Massey University's Journalism school put out a survey of the nation's journalists. 

Mediawatch's story on it focuses on gender and ethnic diversity, as well as journalists' reports of taking abuse online, after an opening that casts things this way [updated to insert link that I forgot the first time round...]:

These days, there’s no shortage of the same sort of scepticism – and cynicism – among a group of New Zealanders convinced the media are biased and agenda-driven, even without any firm evidence.  

Cranky claims of pro-government media bias have been amplified by increased public funding of media and journalism under this government, twinned with declining trust in the media and journalists as captured by opinion polls and surveys.

... One startling finding from the latest survey was that when journalists were asked whether "supporting government policy" was part of the role of reporting,10 percent agreed. 

Does that not confirm the suspicions of critics who feel that the media isn't impartial and journalists are often biased?

“There's always going to be journalists that think their role is to change society and advocate for one thing or another," Hollings said. 

"It may be that sometimes that aligns with government policy. But there's a difference between journalists actively propagandising for a particular point of view and doing the ‘watchdog role’ of asking difficult questions about something that's going on.

"They can often be mistaken for having an agenda when their agenda is really to find out what's going on – and not necessarily to push a political party. I think one is sometimes mistaken for the other and it's easy to label a journalist as being an activist who is, in fact, just asking difficult questions which some people don't like."

With that kind of opening, you'd expect that the survey either found no evidence of ideological or partisan bias among journalists, or didn't ask about it. Surely the claims are only 'cranky' if they aren't borne up by the evidence right?

They helpfully link through to the study at least, so you can check for yourself.

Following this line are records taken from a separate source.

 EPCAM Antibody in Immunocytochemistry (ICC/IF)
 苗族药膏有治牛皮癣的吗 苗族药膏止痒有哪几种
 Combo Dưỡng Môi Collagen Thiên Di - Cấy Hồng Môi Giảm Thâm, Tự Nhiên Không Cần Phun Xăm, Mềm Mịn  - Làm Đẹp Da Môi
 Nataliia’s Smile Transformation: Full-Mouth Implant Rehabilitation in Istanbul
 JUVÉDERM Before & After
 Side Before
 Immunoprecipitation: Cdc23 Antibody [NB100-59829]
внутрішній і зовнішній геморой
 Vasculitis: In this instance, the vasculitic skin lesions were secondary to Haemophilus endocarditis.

And here's an interesting chart.  

For some reason, RNZ's Mediawatch decided that this chart, showing that there are more self-identified extreme-left journalists as there are "Hard Right", "Right", and "Mild right" combined, and that "Hard left", all on its own, outnumbers everything to the right of "Middle leftish" by a massive margin, wasn't worth noting. 

Probably just an innocent oversight by the always politically and ideologically neutral team at Mediawatch.